UK Tribunal Rules Uber Drivers Are Employees

UK Tribunal Rules Uber Drivers Are Employees

A labor tribunal in the UK on Friday ruled that Uber’s drivers are employees of the ridesharing company and have the right to paid vacation and a minimum wage, the Associated Press reports:

The GMB labor union says the decision will have a “major” impact on the drivers, who argued they should get the labor rights of employees, not self-employed workers. The Central London Employment Tribunal’s decision Friday affects as many as 30,000 drivers. Uber argues it is a technology company that links self-employed drivers with people who need rides. It also says drivers should seek arbitration in the Netherlands, where Uber’s European operations are based.

“Uber drivers often work very long hours just to earn enough to cover their basic living costs. It is the work carried out by these drivers that has allowed Uber to become the multi-billion-dollar global corporation it is,” said Nigel Mackay, the attorney from law firm Leigh Day who is representing the workers. “We are pleased that the employment tribunal has agreed with our arguments that drivers are entitled to the most basic workers’ rights, including to be paid the national minimum wage and to receive paid holiday, which were previously denied to them.”

Uber intends to appeal the ruling, which, if it were upheld, could have major consequences for Uber and other gig economy platforms in the UK. Uber has long maintained that its drivers are independent contractors or self-employed business owners and that it does not have an employer-employee relationship with them as it does not dictate when or where they work. The drivers who have brought lawsuits against the company in several US states as well as the UK disagree—in this case, the plaintiffs’ lawyers argued that because drivers receive ratings and are not told in advance where riders wish to be dropped off, they are not operating as self-employed businesses as Uber claimed. One study concluded that features of the Uber app exercise enough control over drivers’ behavior to constitute “algorithmic management.”

Ivana Kottasova at CNN Money touches on what the ruling means for Uber, its drivers, and other firms:

Under U.K. law, [drivers] could even claim back pay for the period they’ve already worked for Uber, said Ed Marchant, an employment lawyer at IBB solicitors. “From Uber’s perspective the substantial additional cost resulting from the judgment means that they are likely to significantly change their business model and/or pass these extra costs onto customers,” Marchant said. …

The GMB said it is already reviewing contracts at other companies.

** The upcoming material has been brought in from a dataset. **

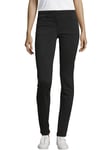 TOM TAILOR 1021692-Alexa Slim Pantalons, 14482-Deep Black, 34W x 32L Femme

At the CIPD, Georgi Gyton delves into the potential ripple effect:

Lee Rogers, an associate in the employment team at legal firm Weightmans, said the judgment was not only likely to have serious ramifications for Uber, “but for many organisations that operate in the so-called ‘gig economy’”. However, he said this was not likely to be the end of the story. “Given what is at stake, not just for Uber, but for the industry as a whole, the decision is likely to be appealed,” he warned, adding that today’s ruling could “open the floodgates” for further claims from other workers in similar positions.

Despite the likely impact on other organisations, Dominic Holmes, partner at Taylor Vinters, said there was “no reason, in principle, why flexible business models operated by Uber and other market disruptors in the ‘gig economy’ cannot work”.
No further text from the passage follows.